A Climate Fund for Climate Action

At a glance:

This report offers a study of carbon emissions per income group in the UK over a twenty year period, using established ratios between income and carbon consumption. On this basis, it simulates a hypothetical carbon tax, asking the question: if the UK had implemented a tax on the excessive carbon consumption of the wealthiest 1%, how much could have been raised over the previous two decades? This is used as a case study to explore the potential of a Climate Wealth Fund and its possible uses.

Key findings

– Climate politics in the UK is suffused with inequality. The top 1% of earners by income has generated roughly the same carbon footprint in a single year than the bottom 10% has in more than two decades. In other words, it would take 26 years for a low earner in the UK to consume as much carbon as the very richest do in a single year.

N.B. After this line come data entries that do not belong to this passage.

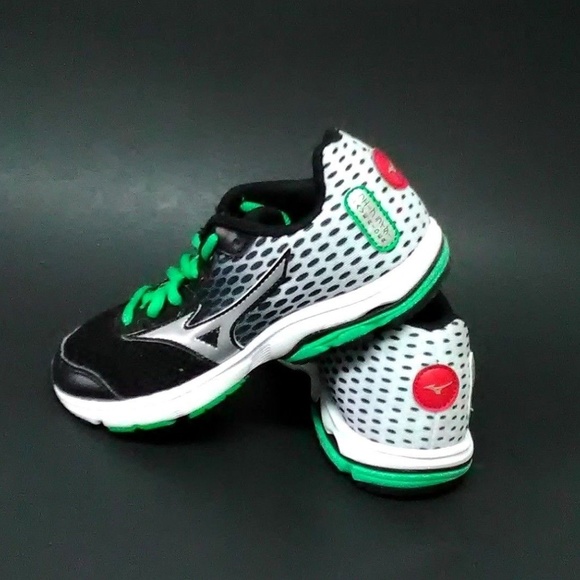 mizuno wave rider 18 junior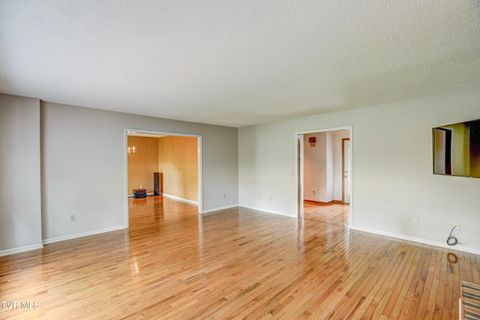 Tiny photo for 205 Donegal Way #205, Bristol, TN 37620 (MLS # 9976119)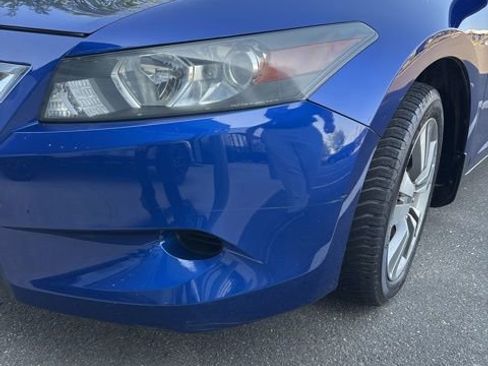 Used 2010 Honda Accord EX-L image 2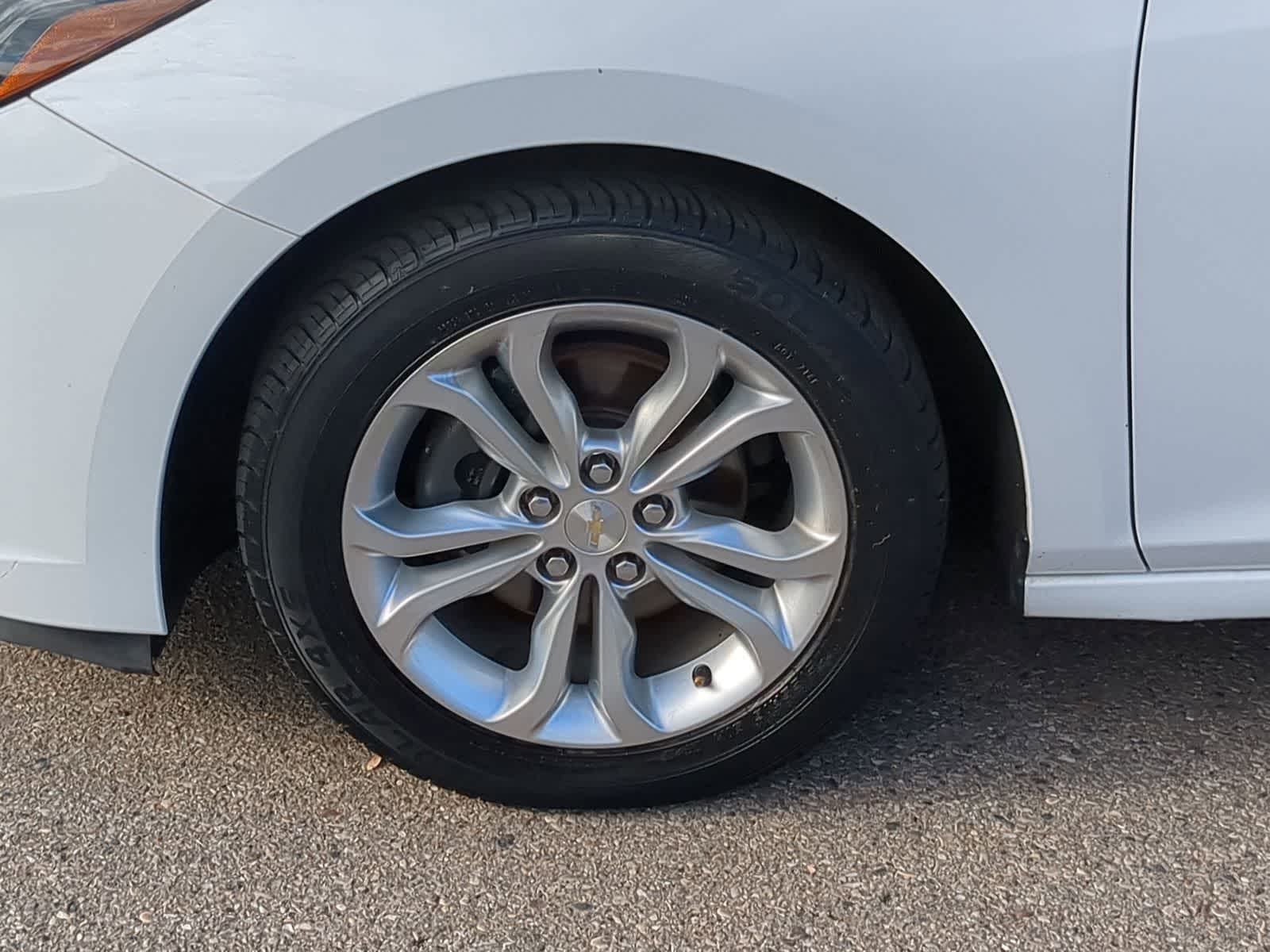 Thumbnail: 2019 Chevrolet Cruze - 17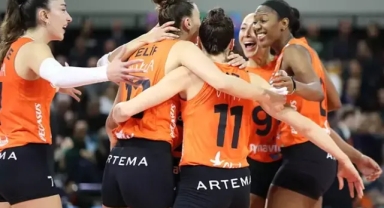 Eczacıbaşı Dynavit yarı finalde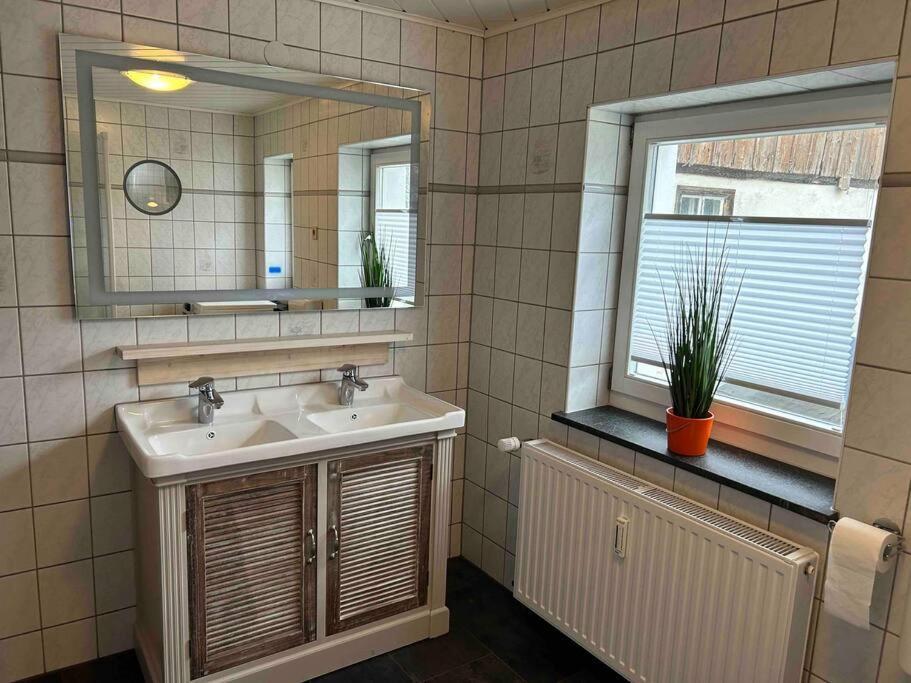 Maisonette-Fewo Fritz Mit Infrarotsauna Grossschoenau Luaran gambar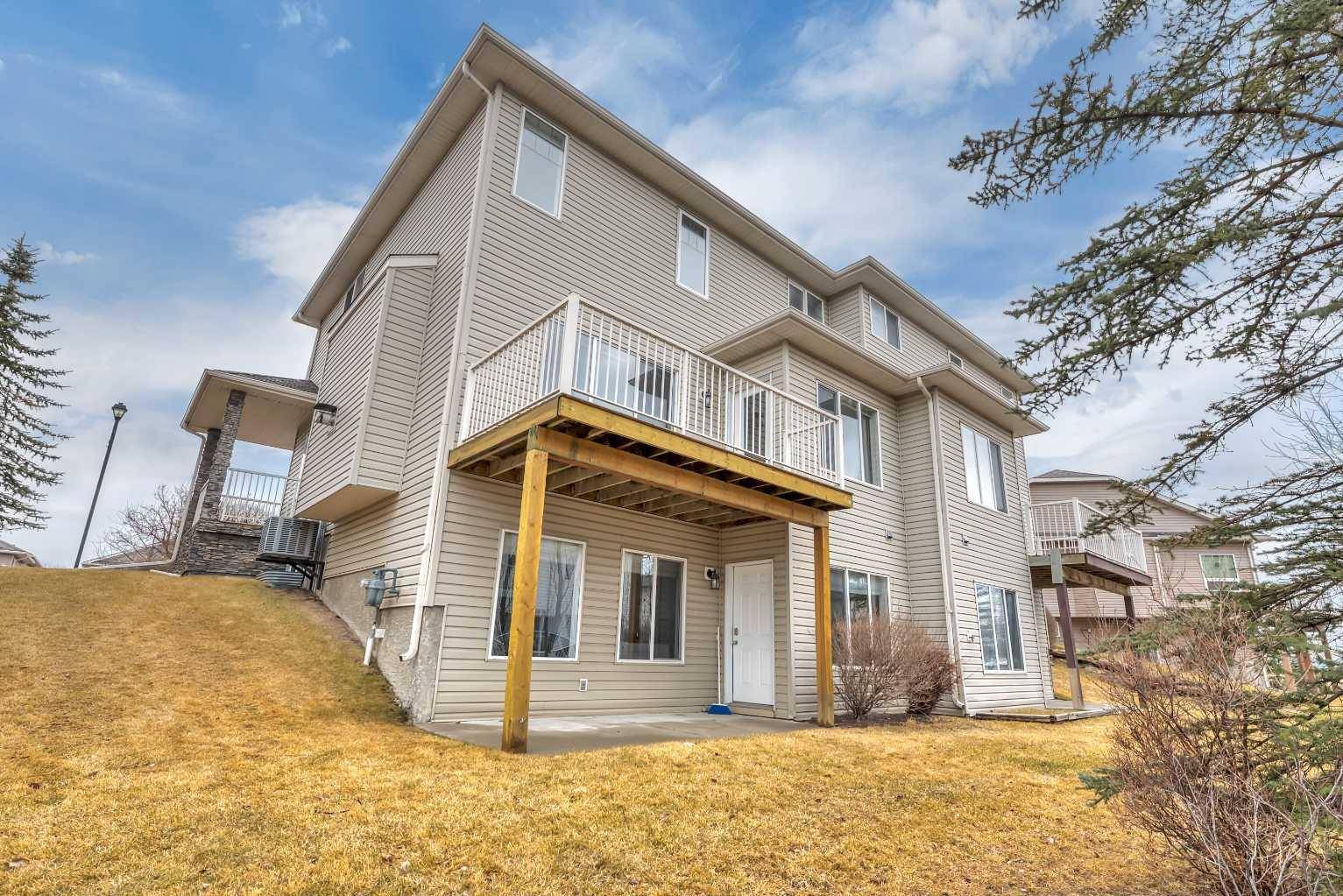 Chestermere, AB T1X 1S7,140 Cove Rise W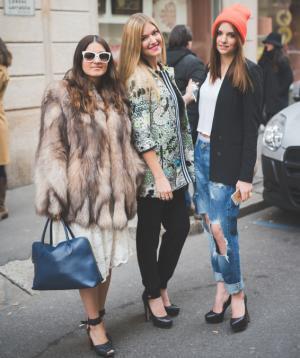 気になるヒップやお腹をカバーして「タイトパンツ」を着こなす方法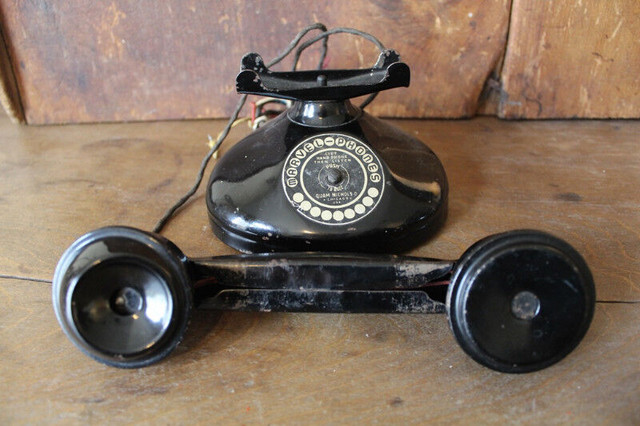 1930's Marvel Electric Toy Telephone Set in Arts & Collectibles in London - Image 4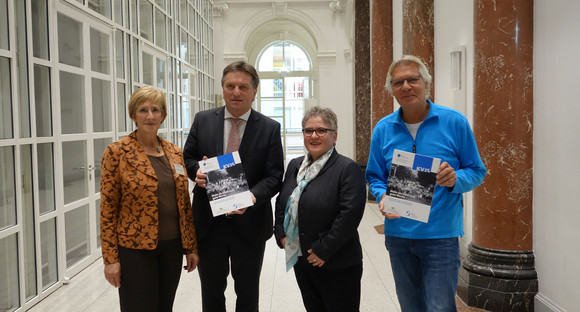 Gruppenbild von Irmgard Fischer-Orthwein (Anlauf- und Beratungsstelle Heimerziehung), Minister Manne Lucha, Kristin Schwarz (Verbandsdirektorin des Kommunalverbands für Jugend und Soziales) und Willy Dorn (Vertreter der Betroffenen)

-The top 1% on its own (around 670,000 people) have a larger carbon footprint than the entire 3rd income decile (equivalent to ~6.7 million people)

-There have been missed opportunities. If a carbon tax had been set at the price proposed by the Swedish Ministry of Finance (approximately £115 per ton of carbon), revenue raised from the top 1% would have amounted to £126 billion over a twenty year period. Changes to the tax system are vital if future opportunities are not to be missed.

-£126 billion would have been sufficient for the UK to:

•Invest in almost five times current offshore wind capacity

•Triple current solar (PV) capacity

•Double onshore wind capacity

•Add 2.1 GW of tidal energy capacity and add a similar amount of pumped storage hydropower.

•Retrofit almost 8 million homes, upgrading their efficiency to EPC “C”, cutting energy bills while       reducing overall emissions.

– These investments would amount to drastically replacing gas-generated energy with renewable sources, and would decrease dependency on imports.

– With no UK carbon tax in place, the richest 1% have been free to ‘dump’ disproportionately large amounts of carbon into the atmosphere for little to no cost, creating a burden now shouldered by the rest of the population. To green the UK economy, and bring about the change current and future generations desperately need, this must change.